Short text fragments from websites:
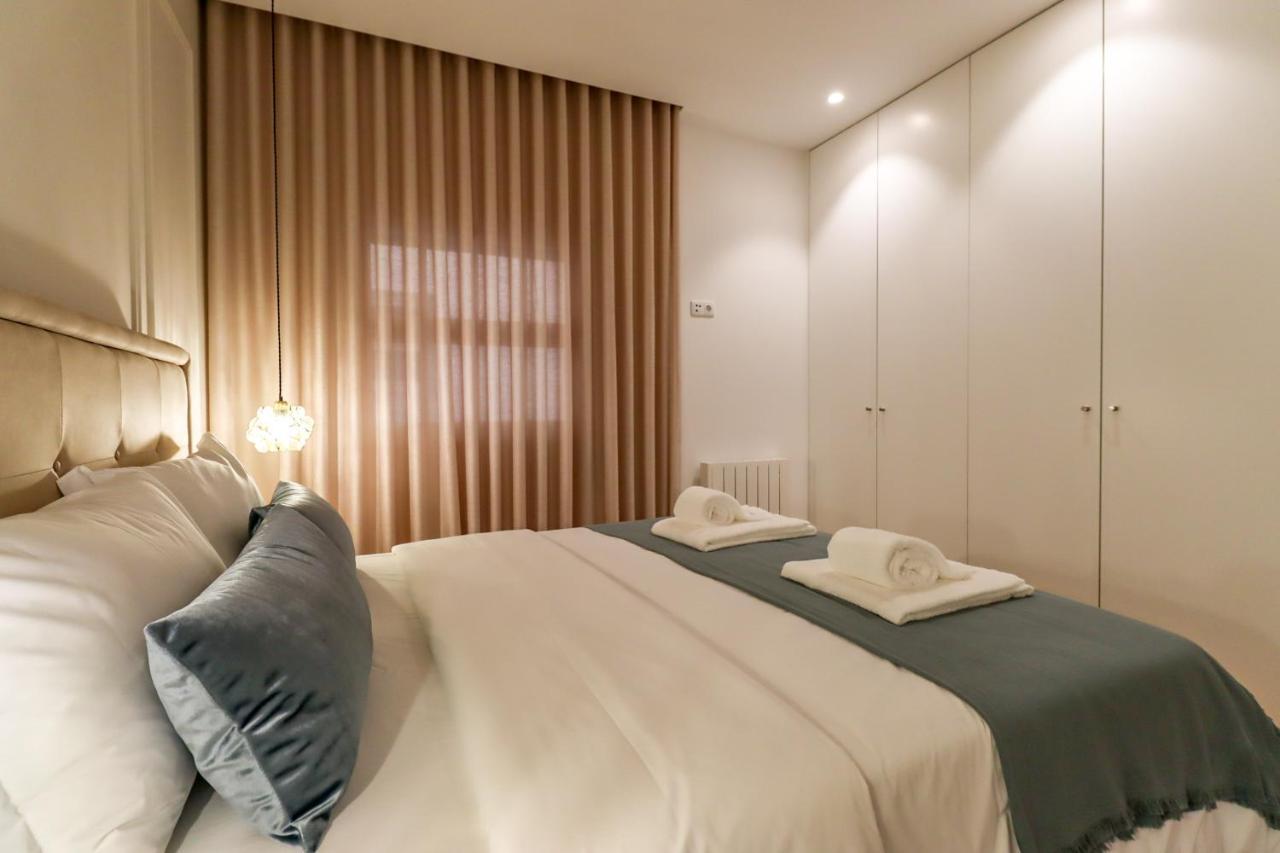 Santa Luzia Views - Modern City Centre Apartment With Iconic Views Viana do Castelo Exterior photo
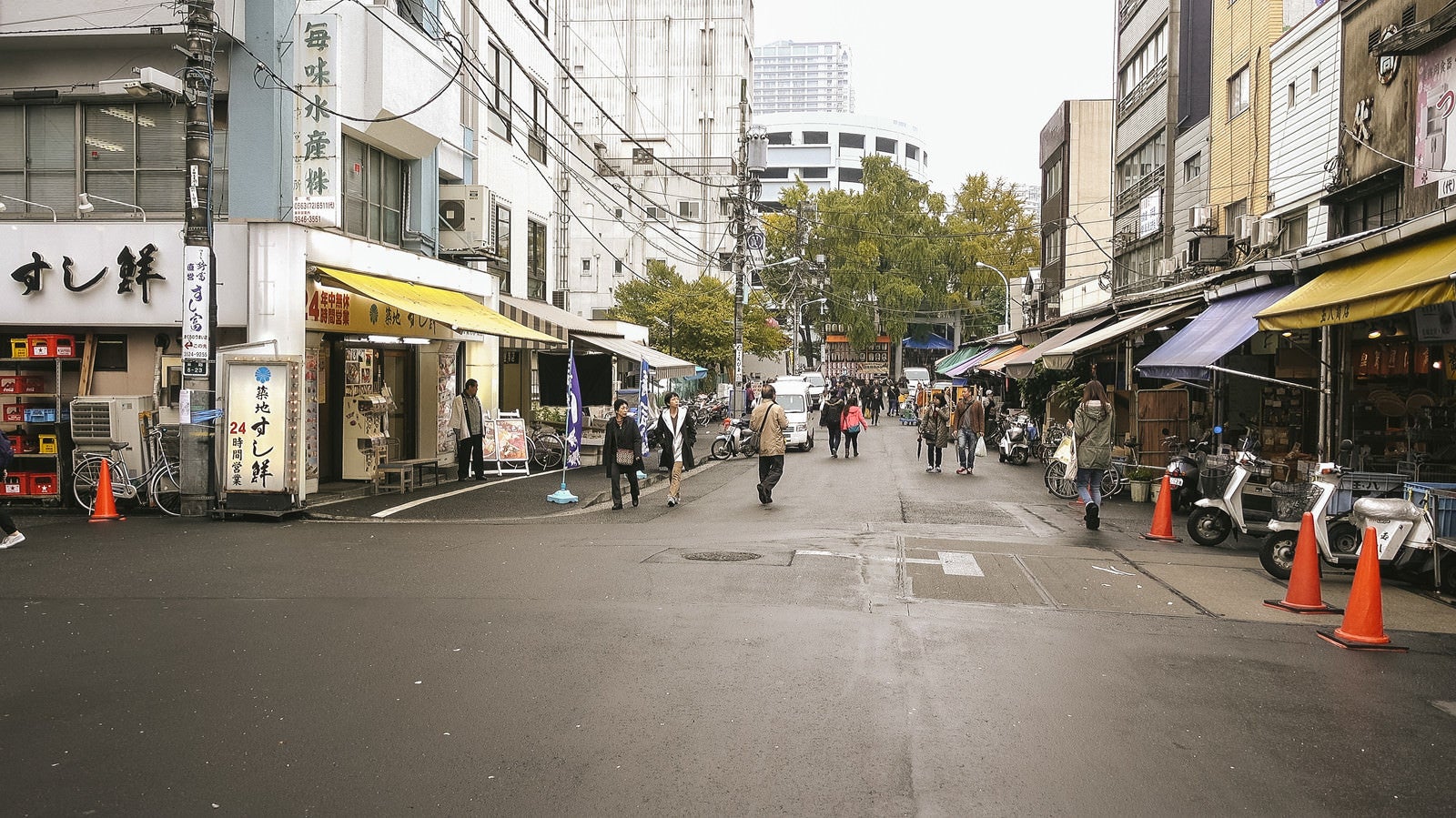 「昭和レトロな商店が立ち並ぶ築地場外市場」の写真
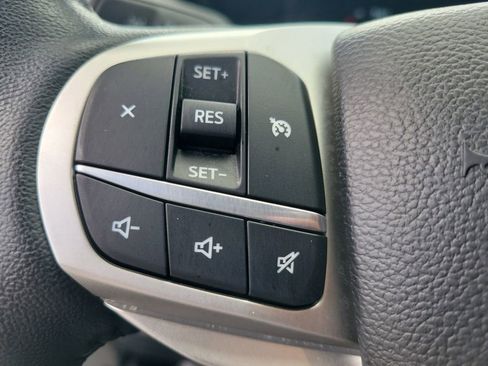 Used 2023 Ford Explorer XLT image 26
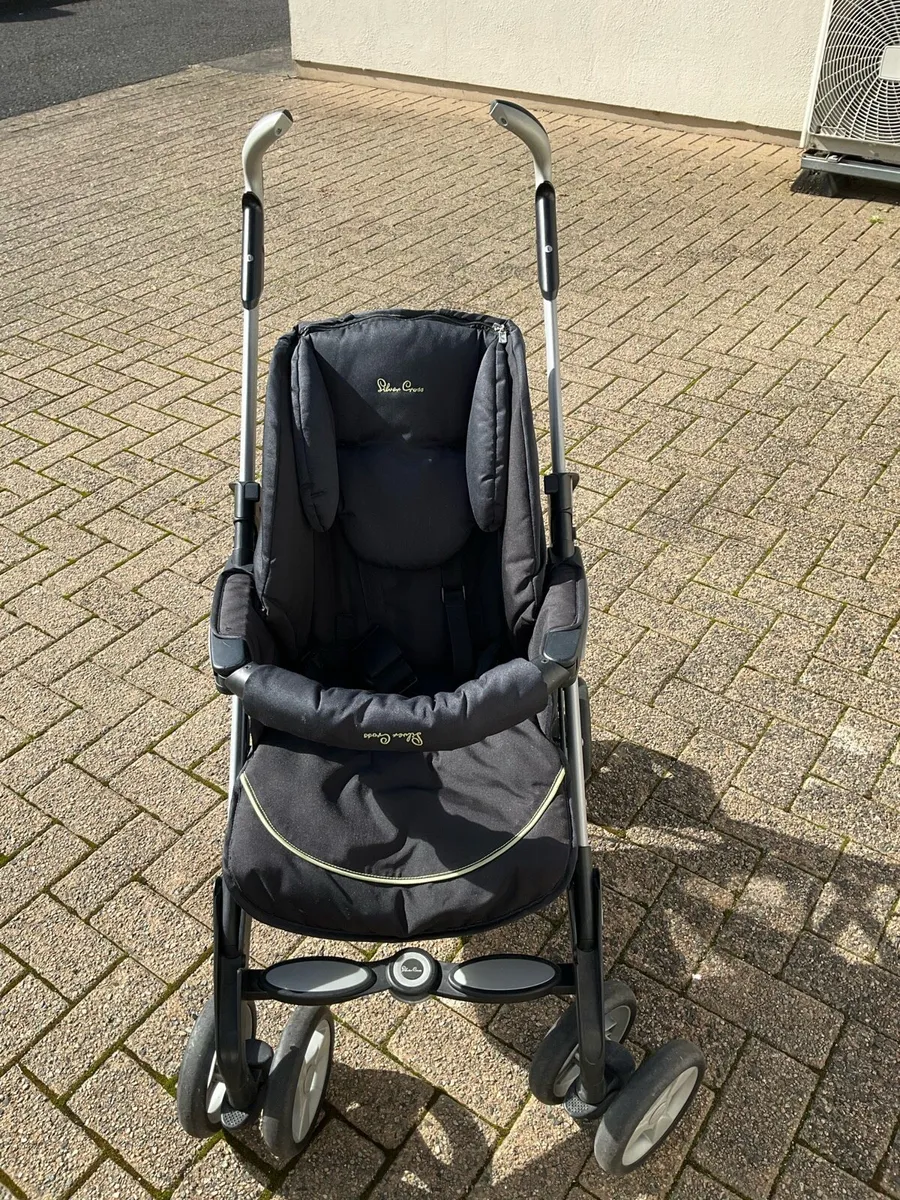 Baby buggy - Image 1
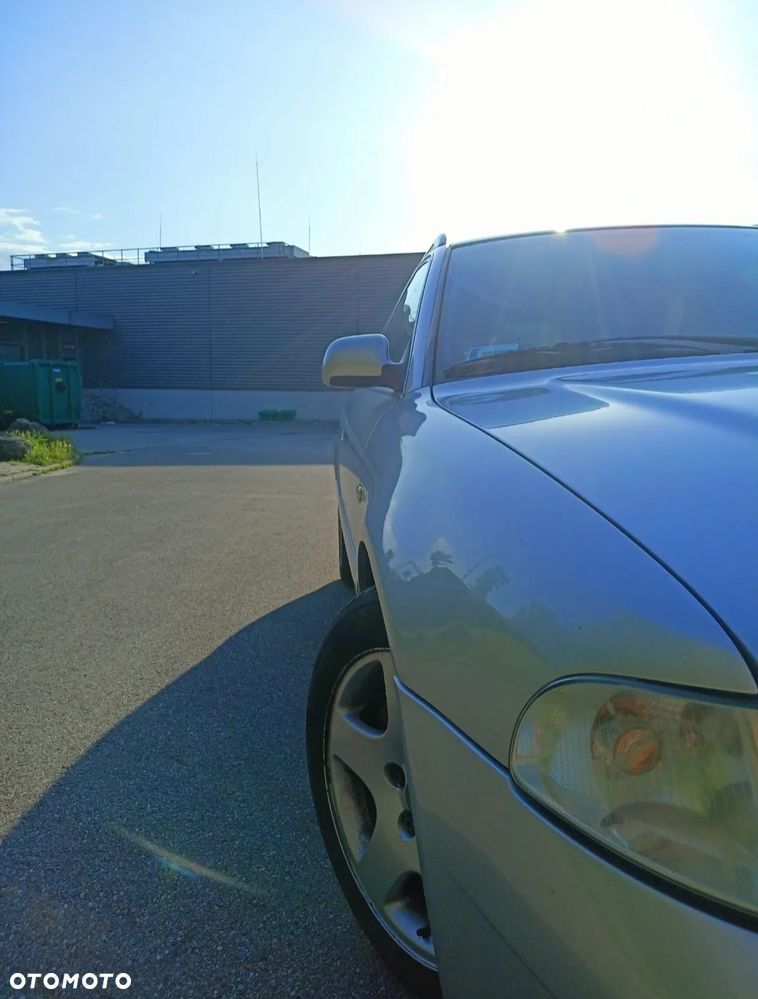 Audi A4 Avant 1.9 TDI - 12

▶ _Task requirements_
Only the lines from the one containing "Used 2023 Ford Explorer XLT image 26" through the final line of the data are to be written out, exactly as they stand and without pictures.

▶ _Answer to this exercise_
 Used 2023 Ford Explorer XLT image 26
 Baby buggy - Image 1
 Audi A4 Avant 1.9 TDI - 12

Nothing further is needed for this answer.